Harney and other Girl Scouts from the Mather School joined dozens of volunteers that day as they plunged into the marsh grass to clean up what their fellow residents had left behind. All those asked said they had stopped using plastic bags in their daily routines.
Known for getting caught in trees, clogging storm drains, and entangling wildlife, plastic bags have become a popular target. Bag bans or fees have been enacted in nearly 30 municipalities around the state, and the number is growing. And now, a campaign has been launched to get them banned in Boston.
“Other problems are overwhelming,” said Mary Grady, a member of the local advocacy group Ban the Bag Boston whose daughter, Eleanor Pelletier, is part of the Mather School troop that has taken up the cause. “This feels doable.”
Since it was formed last year, Ban the Bag Boston has been making its case at civic association meetings, holding film screenings, and distributing reusable bags to raise awareness of its effort. Grady says she is inspired by the progress that has been made in cities such as Portland, Maine, Austin, and Oakland and by the fact that people from all generations have joined the effort. “In Boston, it seems like we can all agree on this,” she said.
The next step for the group is getting the City Council to propose legislation. Representatives from Ban the Bag and other organizations met with Councilors Michelle Wu, Matt O’Malley, and Andrea Campbell recently to discuss the issue.
"I think it's early in the process, but certainly there seems to be an appetite,” said O’Malley, chair of the council’s environment and sustainability committee. “We want to make sure that we can address this in a thoughtful and effective manner."

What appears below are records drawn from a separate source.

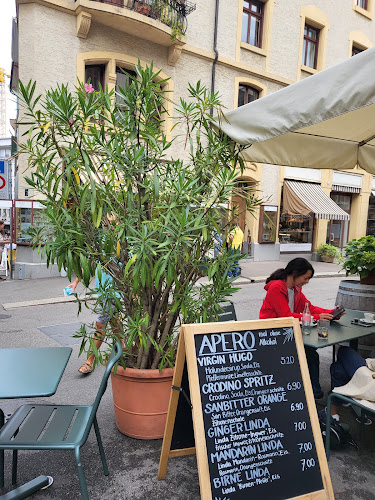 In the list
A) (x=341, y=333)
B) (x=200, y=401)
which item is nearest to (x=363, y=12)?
(x=341, y=333)

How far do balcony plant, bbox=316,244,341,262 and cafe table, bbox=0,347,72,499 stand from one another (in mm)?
16190

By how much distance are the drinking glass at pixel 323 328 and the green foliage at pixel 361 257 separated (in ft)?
4.36

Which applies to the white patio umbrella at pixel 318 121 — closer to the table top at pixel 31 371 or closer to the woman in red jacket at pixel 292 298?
the woman in red jacket at pixel 292 298

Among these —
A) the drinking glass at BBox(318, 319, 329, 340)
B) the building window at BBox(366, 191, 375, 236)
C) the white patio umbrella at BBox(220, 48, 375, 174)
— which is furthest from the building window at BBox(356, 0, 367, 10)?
the drinking glass at BBox(318, 319, 329, 340)

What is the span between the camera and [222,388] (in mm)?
2334

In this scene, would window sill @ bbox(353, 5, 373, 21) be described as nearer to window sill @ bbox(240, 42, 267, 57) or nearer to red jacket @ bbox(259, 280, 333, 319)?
window sill @ bbox(240, 42, 267, 57)

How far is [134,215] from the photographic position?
2967 mm

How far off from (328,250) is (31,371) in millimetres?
16646

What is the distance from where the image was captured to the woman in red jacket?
3677 mm

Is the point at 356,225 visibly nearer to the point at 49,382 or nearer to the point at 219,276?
the point at 219,276

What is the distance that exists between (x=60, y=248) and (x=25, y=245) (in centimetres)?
898

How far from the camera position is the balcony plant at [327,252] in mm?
17266

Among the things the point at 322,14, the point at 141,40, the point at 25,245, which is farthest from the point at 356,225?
the point at 25,245

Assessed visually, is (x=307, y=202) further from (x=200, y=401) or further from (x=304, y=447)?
(x=200, y=401)
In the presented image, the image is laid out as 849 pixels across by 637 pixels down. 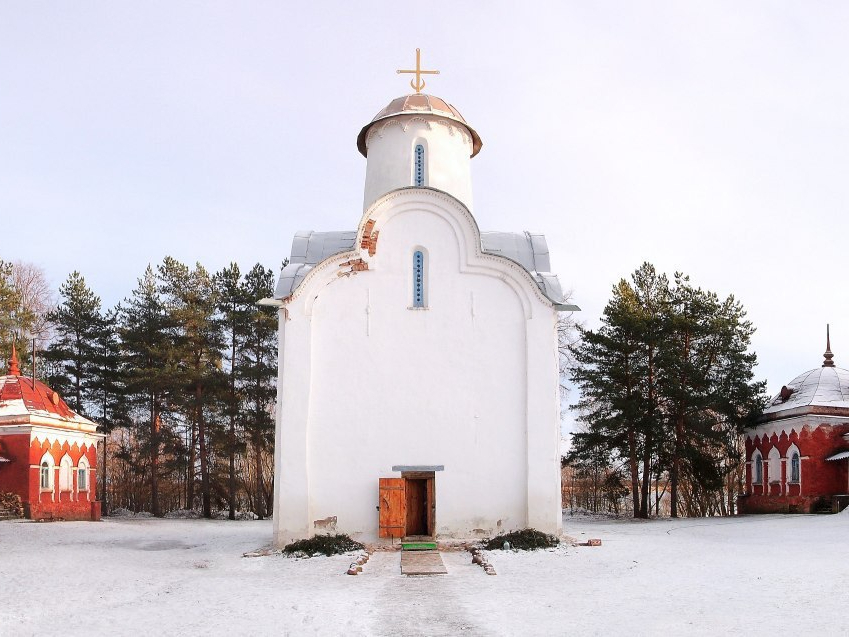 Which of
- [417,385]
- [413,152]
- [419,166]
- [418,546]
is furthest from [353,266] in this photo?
[418,546]

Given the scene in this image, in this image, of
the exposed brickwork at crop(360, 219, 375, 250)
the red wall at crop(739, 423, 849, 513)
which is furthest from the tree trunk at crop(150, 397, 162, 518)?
the red wall at crop(739, 423, 849, 513)

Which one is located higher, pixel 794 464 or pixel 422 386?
pixel 422 386

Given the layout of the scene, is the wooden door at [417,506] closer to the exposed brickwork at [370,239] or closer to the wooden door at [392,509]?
the wooden door at [392,509]

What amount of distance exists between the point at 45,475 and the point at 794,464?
2749cm

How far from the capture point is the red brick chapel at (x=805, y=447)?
28.4m

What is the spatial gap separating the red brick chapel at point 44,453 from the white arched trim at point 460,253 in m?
17.1

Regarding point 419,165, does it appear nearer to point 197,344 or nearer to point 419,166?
point 419,166

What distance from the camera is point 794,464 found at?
96.8 ft

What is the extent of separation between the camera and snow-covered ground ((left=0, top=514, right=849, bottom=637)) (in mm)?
9734

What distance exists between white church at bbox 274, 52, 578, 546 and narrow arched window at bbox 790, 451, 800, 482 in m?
14.6

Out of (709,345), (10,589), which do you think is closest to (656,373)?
(709,345)

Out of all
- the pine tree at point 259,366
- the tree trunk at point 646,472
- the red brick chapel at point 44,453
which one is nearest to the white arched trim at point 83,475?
the red brick chapel at point 44,453

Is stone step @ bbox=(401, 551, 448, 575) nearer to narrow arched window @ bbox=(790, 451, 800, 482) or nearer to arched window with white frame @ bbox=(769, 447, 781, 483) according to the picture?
narrow arched window @ bbox=(790, 451, 800, 482)

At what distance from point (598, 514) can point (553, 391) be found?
17.9 meters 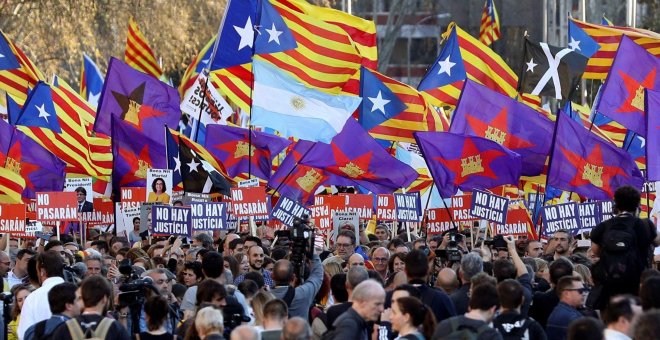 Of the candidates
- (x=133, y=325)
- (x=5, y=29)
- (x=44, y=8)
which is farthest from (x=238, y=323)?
(x=5, y=29)

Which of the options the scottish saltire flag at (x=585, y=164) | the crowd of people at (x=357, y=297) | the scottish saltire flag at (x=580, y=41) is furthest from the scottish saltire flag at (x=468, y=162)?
the scottish saltire flag at (x=580, y=41)

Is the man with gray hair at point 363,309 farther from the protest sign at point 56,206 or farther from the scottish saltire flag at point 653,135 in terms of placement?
the protest sign at point 56,206

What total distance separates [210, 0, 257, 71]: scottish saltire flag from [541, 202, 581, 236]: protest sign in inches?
181

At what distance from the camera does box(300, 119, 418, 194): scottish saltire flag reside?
69.7ft

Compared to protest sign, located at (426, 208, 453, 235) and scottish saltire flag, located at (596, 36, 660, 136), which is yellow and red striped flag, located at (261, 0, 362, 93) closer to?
protest sign, located at (426, 208, 453, 235)

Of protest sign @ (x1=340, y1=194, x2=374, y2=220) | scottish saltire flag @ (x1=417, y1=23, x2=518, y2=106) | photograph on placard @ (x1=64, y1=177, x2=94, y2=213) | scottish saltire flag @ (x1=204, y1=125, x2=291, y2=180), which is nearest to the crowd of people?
protest sign @ (x1=340, y1=194, x2=374, y2=220)

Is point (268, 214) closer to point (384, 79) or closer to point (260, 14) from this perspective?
point (260, 14)

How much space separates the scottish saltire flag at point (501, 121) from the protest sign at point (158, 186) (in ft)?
11.8

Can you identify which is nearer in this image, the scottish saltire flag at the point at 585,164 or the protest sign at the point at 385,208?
the scottish saltire flag at the point at 585,164

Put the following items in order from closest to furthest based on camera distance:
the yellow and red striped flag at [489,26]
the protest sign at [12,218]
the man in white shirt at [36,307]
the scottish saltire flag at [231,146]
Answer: the man in white shirt at [36,307], the protest sign at [12,218], the scottish saltire flag at [231,146], the yellow and red striped flag at [489,26]

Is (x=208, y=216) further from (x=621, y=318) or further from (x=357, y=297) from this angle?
(x=621, y=318)

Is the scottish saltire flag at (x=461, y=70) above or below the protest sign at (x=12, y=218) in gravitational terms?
above

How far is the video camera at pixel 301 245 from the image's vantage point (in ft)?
39.5

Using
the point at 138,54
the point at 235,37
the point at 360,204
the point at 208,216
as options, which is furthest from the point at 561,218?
the point at 138,54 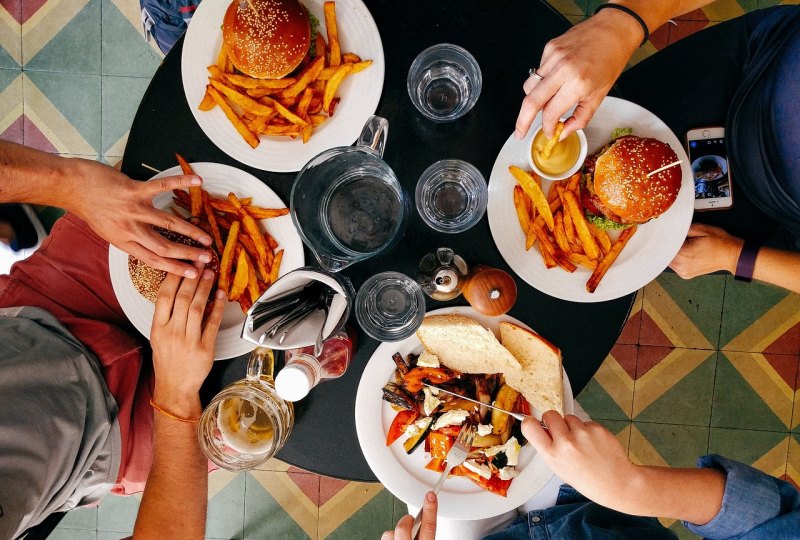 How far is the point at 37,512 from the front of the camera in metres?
1.55

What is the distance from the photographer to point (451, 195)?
1.65 metres

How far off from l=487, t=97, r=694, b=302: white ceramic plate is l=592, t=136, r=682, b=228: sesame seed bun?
0.34ft

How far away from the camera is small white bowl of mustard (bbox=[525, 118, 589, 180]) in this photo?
1.53 m

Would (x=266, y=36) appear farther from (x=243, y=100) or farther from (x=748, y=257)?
(x=748, y=257)

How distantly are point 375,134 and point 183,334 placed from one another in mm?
778

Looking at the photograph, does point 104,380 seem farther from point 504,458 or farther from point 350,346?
point 504,458

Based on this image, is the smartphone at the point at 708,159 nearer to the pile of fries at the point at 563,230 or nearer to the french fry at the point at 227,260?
the pile of fries at the point at 563,230

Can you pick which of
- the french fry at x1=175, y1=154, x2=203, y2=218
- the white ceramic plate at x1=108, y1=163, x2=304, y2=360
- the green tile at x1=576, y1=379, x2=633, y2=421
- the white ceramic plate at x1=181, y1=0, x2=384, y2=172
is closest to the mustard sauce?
the white ceramic plate at x1=181, y1=0, x2=384, y2=172

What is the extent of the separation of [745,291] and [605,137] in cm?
165

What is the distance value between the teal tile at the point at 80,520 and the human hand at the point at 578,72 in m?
2.85

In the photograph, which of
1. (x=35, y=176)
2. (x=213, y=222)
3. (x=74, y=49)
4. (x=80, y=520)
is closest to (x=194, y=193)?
(x=213, y=222)

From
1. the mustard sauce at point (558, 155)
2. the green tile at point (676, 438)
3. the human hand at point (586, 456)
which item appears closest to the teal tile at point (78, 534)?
the human hand at point (586, 456)

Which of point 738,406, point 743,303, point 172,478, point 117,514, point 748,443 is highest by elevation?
point 172,478

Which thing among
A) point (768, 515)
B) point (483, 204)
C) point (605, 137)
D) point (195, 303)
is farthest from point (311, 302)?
point (768, 515) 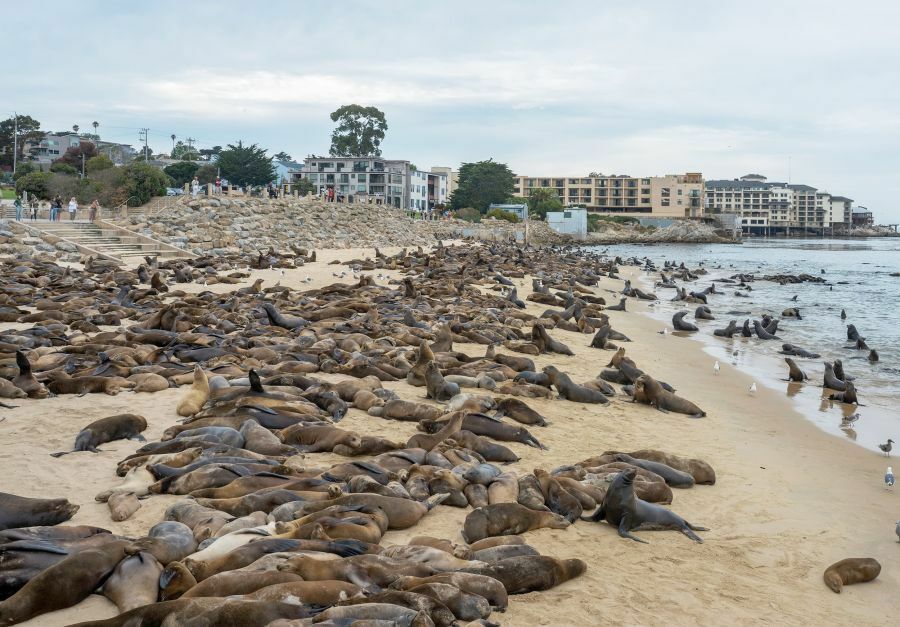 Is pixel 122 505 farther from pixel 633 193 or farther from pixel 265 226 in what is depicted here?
pixel 633 193

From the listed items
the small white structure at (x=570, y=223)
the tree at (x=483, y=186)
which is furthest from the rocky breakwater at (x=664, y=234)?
the tree at (x=483, y=186)

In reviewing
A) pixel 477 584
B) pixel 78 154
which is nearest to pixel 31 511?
pixel 477 584

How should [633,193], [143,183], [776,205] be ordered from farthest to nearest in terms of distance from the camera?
1. [776,205]
2. [633,193]
3. [143,183]

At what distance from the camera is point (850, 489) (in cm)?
859

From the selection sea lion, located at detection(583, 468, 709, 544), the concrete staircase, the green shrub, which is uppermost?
the green shrub

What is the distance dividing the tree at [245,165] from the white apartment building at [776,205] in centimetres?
12247

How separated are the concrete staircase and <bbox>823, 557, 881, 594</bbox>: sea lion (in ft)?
93.9

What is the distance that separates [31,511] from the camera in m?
5.40

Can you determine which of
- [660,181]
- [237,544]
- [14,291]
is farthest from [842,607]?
[660,181]

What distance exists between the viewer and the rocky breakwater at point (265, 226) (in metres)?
37.2

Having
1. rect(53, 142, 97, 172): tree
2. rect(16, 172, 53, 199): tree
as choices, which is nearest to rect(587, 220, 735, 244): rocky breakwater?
→ rect(53, 142, 97, 172): tree

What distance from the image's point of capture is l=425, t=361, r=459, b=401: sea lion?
10.5m

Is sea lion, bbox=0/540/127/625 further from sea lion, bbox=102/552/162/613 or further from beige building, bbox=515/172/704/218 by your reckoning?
beige building, bbox=515/172/704/218

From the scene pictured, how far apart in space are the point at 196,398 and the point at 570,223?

The issue has proven contentious in a number of cities and states due to arguments about a ban’s effect on low-income communities and what are seen as challenges for shoppers. Statewide legislation has been proposed, although O’Malley is more inclined toward a local solution. He plans to meet with advocates again next month.
Neighboring Brookline, Newton, Cambridge, and Somerville have already approved bag ordinances and the pressure is growing. Students at UMass Boston, for example, are working to have plastic bags banned in the campus bookstore.
In Mission Hill, teens from the non-profit community organization Sociedad Latina have been gathering hundreds of signatures in support of a bill by knocking on doors and talking to people on the street. While some residents don’t support a ban, many have been receptive after learning more about the issue. The group has designed its own reusable bags and is planning more community education projects for the summer. They were also at the meeting with city councilors and will be a part of the process going forward.
“It’s a habit that’s hard to kill,” said Wilmer Quinones, the group’s youth engagement coordinator. “It’s really sad to see that we are using things that we think are beneficial for us, but at the same time are harming our environment.”
One of the cleanup event’s organizers, Sierra Rothberg, said it’s become so common to have plastic bags floating around that people don’t notice anymore. She feels that a ban would be a good first step toward making people think more about their effects on the environment, although she acknowledged it could be a long process.
“It’s a change of behavior and once you do it it’s not a problem,” she said. “It’s going to happen, but it’s going to be a while."